Records shown:
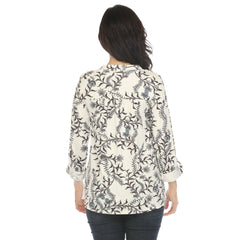 Women's Paisley Button Front Tunic Top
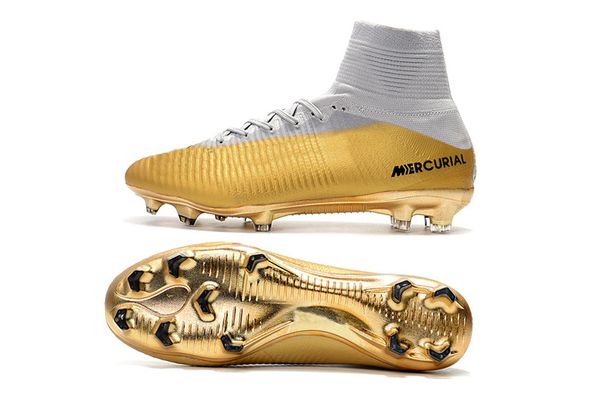 2018 Unisex Soccer Cleats White Gold CR7 100% Original Kids Indoor Soccer Shoes Mercurial Superfly V FG Football Boots
2018 Unisex Soccer Cleats White Gold CR7 100% Original Kids Indoor Soccer Shoes Mercurial Superfly V FG Football Boots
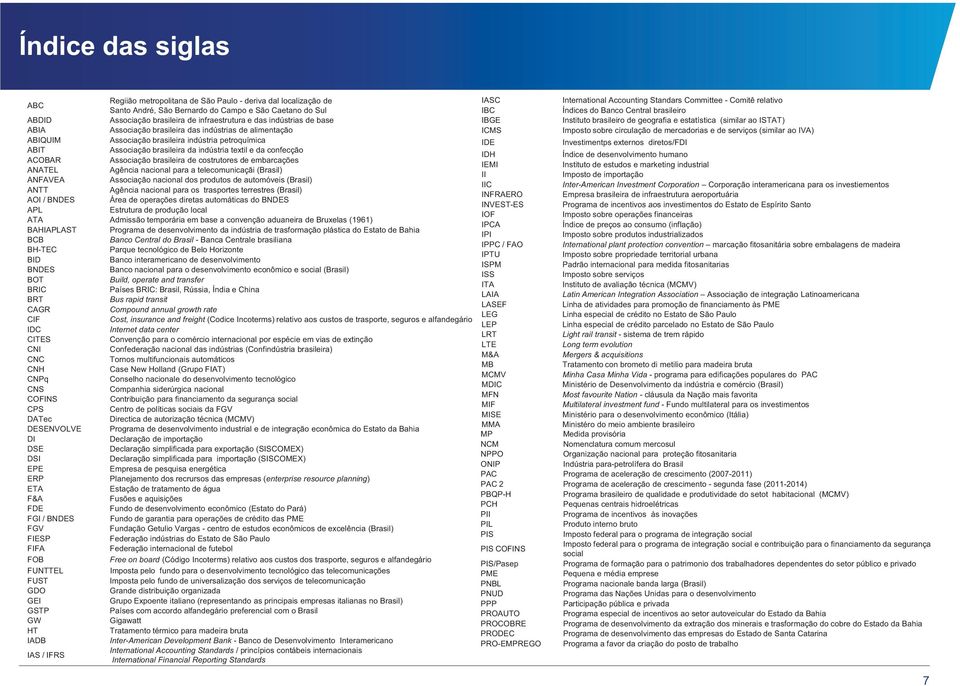 brasileira das indústrias de alimentação ICMS Imposto sobre circulação de mercadorias e de serviços (similar ao IVA) ABIQUIM Associação brasileira indústria petroquímica IDE Investimentps externos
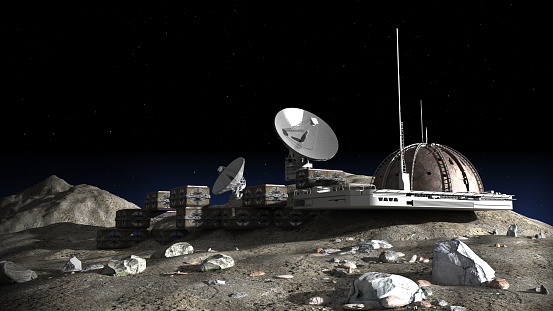 3D Illustration of a lunar base with a dome structure, research modules, observation pods and communication satellite dishes for space exploration and science fiction backgrounds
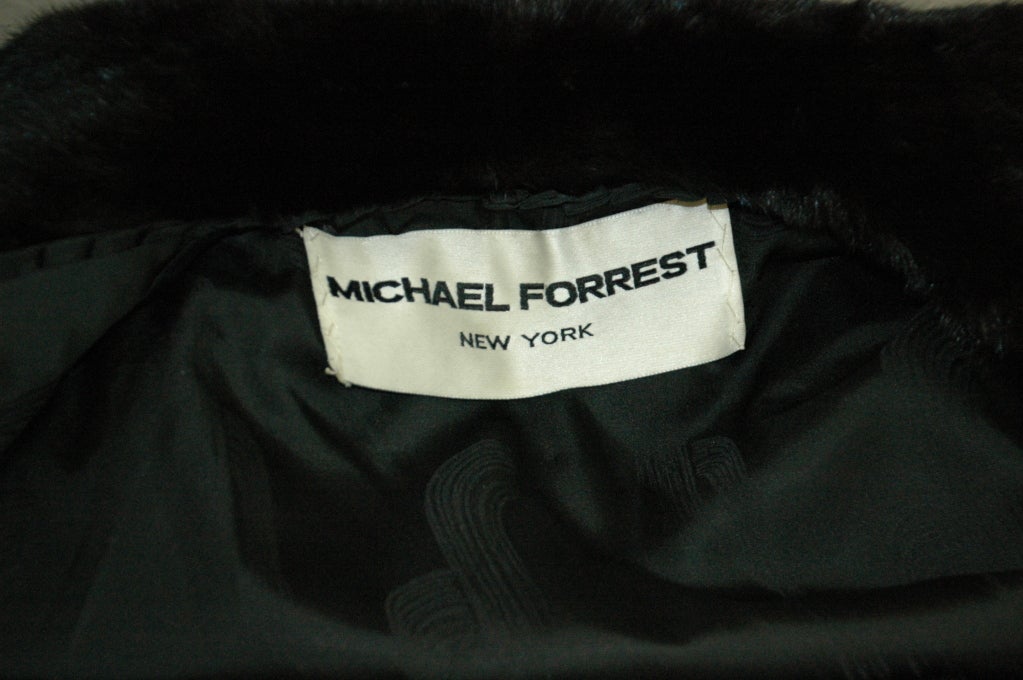 Women's Michael Forrest Black Mink Fur Coat For Sale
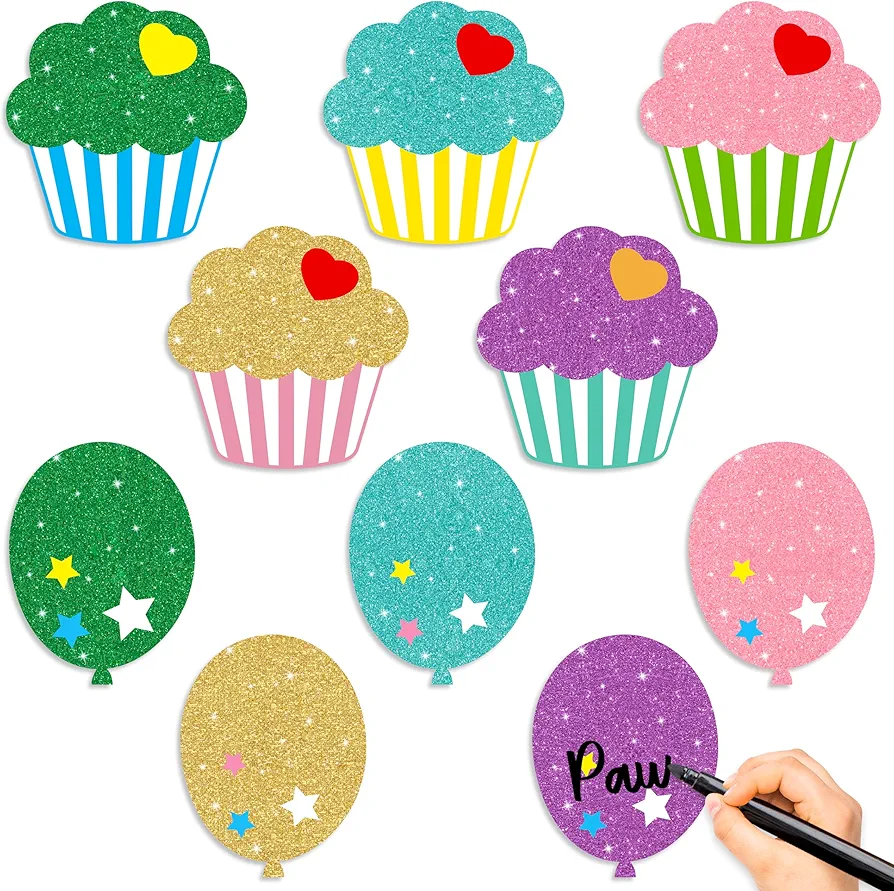 Glitter Cupcake Balloons Cutouts- 100Pcs Colorful Cupcake Paper Cutout Bulletin Board DIY Creative Cakes Balloons Paper Cut Out Name Tags for Kids School Classroom Birthday Party Decorations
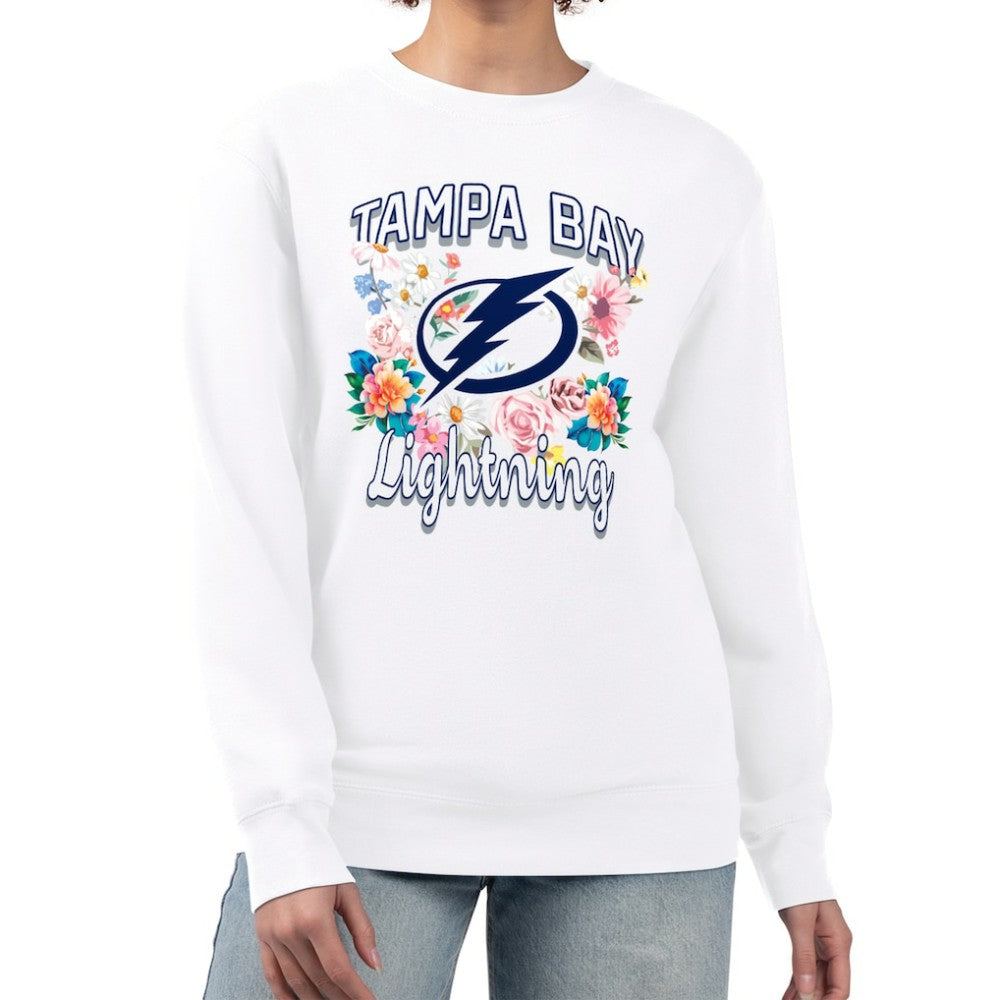 NHL Tampa Bay Lightning G-III 4Her by Carl Banks Women's Flower Logo Pullover Sweatshirt - White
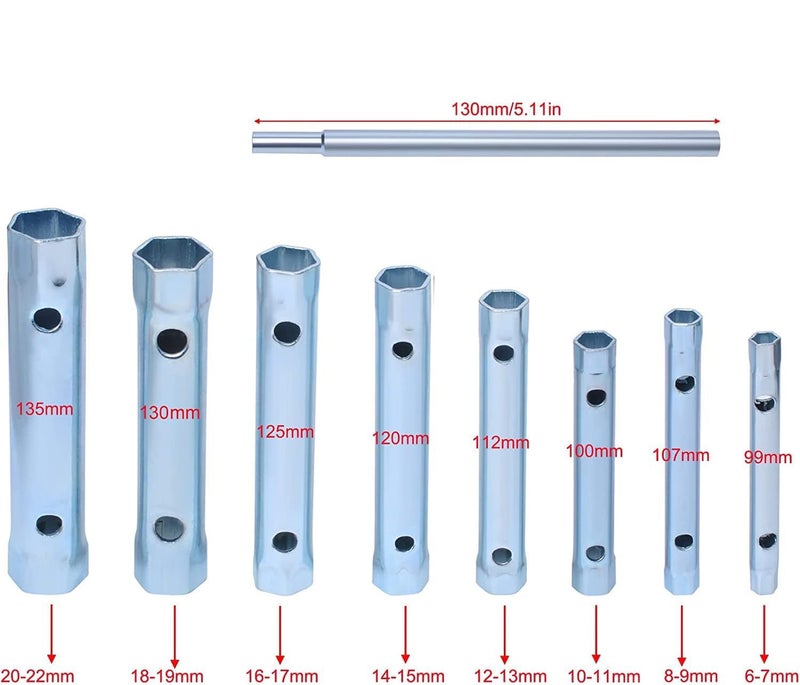 GREYTEN Tubular Spanner Set, 9Pcs Dual-Ended Wrench Socket Plumber Back Nut Tap Spark Plug Spanner Set Extended Spark Plug Wrench (6/7mm to 20/22mm), Tubular Box Spanner Wrench Set - Image 2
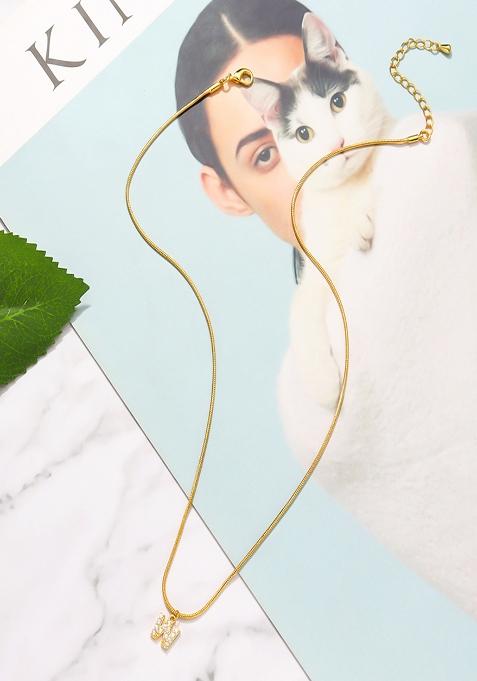 18K Gold Plated Anti Tarnish Zircon Initial Letter W Pendant Necklace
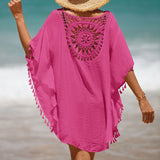 Oversized Tasseled Sleeved Keyhole Crochet Brazilian Mini Beach Cover Up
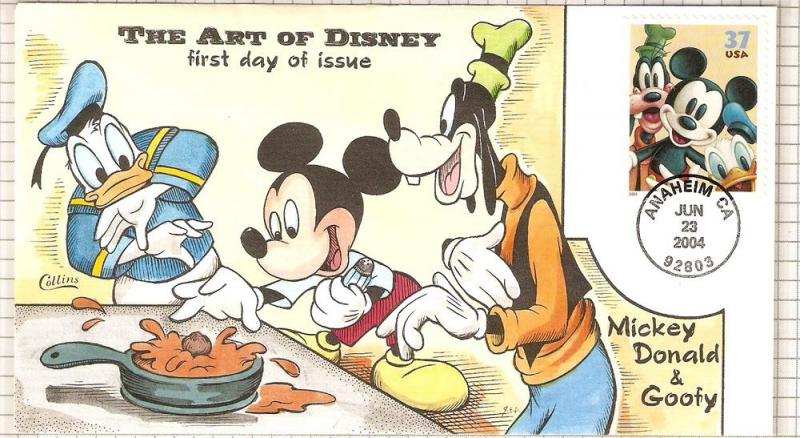 3865/68-Collins Hand Painted FDC Set - The Art of Disney
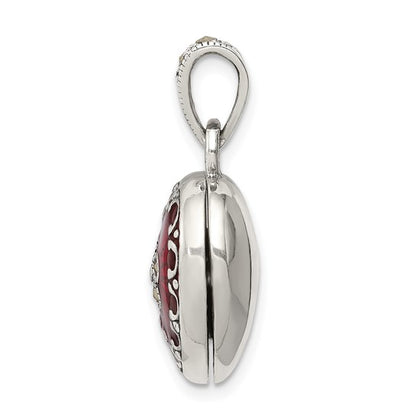 Sterling Silver Antiqued Red Enamel and Marcasite Heart Locket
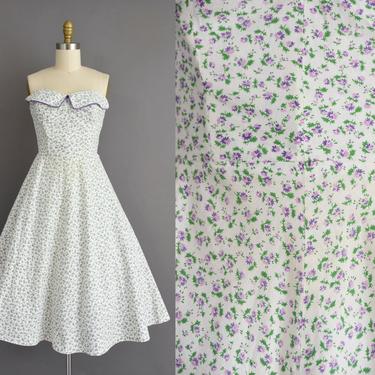 vintage 1950s dress | Adorable Purple Floral Print Strapless Cotton Summer Sun Dress | Small | 50s vintage dress 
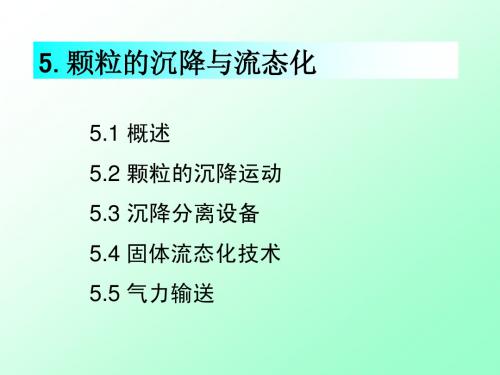 5.颗粒的沉降与流态化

Problem statement: Would you reproduce the lines from the one with "GREYTEN Tubular Spanner" through the final line of the data above, exactly and only those, without any pictures?

Answer below:
 GREYTEN Tubular Spanner Set, 9Pcs Dual-Ended Wrench Socket Plumber Back Nut Tap Spark Plug Spanner Set Extended Spark Plug Wrench (6/7mm to 20/22mm), Tubular Box Spanner Wrench Set - Image 2
 18K Gold Plated Anti Tarnish Zircon Initial Letter W Pendant Necklace
 Oversized Tasseled Sleeved Keyhole Crochet Brazilian Mini Beach Cover Up
 3865/68-Collins Hand Painted FDC Set - The Art of Disney
 Sterling Silver Antiqued Red Enamel and Marcasite Heart Locket
 vintage 1950s dress | Adorable Purple Floral Print Strapless Cotton Summer Sun Dress | Small | 50s vintage dress 
 5.颗粒的沉降与流态化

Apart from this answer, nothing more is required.